I Like Fried Chicken Better Than Boys




Akhirnya, dua minggu lebih setelah postingan terakhir gue, hari ini gue memutuskan buat posting lagi. Di bulan maret ini gue baru sempet bikin satu postingan jadi postingan kali ini bakal jadi postingan kedua gue bulan ini. Muahuehuahue. Penting, eh?

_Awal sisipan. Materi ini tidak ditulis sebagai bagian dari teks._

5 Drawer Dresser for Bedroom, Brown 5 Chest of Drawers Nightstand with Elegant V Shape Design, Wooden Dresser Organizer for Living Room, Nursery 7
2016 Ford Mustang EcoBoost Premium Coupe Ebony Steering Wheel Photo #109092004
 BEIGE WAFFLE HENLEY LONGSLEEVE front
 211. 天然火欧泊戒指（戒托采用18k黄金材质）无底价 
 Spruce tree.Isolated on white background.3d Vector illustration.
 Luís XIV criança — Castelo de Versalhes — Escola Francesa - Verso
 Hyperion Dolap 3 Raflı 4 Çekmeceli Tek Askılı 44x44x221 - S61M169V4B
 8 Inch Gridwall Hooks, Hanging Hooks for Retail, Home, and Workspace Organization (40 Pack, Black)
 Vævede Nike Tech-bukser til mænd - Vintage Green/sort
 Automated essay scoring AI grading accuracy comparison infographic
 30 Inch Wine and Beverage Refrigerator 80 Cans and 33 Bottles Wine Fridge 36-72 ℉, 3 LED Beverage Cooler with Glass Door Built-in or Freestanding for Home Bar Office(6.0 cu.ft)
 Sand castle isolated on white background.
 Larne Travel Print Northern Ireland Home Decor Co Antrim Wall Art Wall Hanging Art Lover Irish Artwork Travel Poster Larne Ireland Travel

First thing first, gue mau ngucapin Happy Birthday buat kakak gue yang baru aja memasuki kepala 2 tanggal 12 kemarin. Nggak kerasa ternyata dia udah tua. Itu artinya gue ikutan tua. Dan gue paling males kalo mikirin tua-tuaan. Akhir tahun ini gue bakal 19 dan akhir tahun depan gue juga ikutan berkepala 2. Apa-apaan ini? Bisa nggak sih waktunya diberentiin aja gitu. Tapi jangan napas gue yang diberentiin.
Hari ini gue mau posting apa, sebenernya gue juga nggak tau. Tapi tadi sore gue ngobrol sama temen gue (Ranger Abu) yang bilang kalo dia mau curhat di blog-nya tentang kekeselannya sama seorang atasan di tempat kerjanya. Tiba-tiba gue inget 2 minggu terakhir ini gue jarang posting. Walaupun  gue tau, nggak di update pun nggak ada yang sadar tapi sebagai pemiliknya gue harus bertanggung jawab ngurus dong. Nah, pada tulisan kali ini gue ngomong ngalor ngidul aja.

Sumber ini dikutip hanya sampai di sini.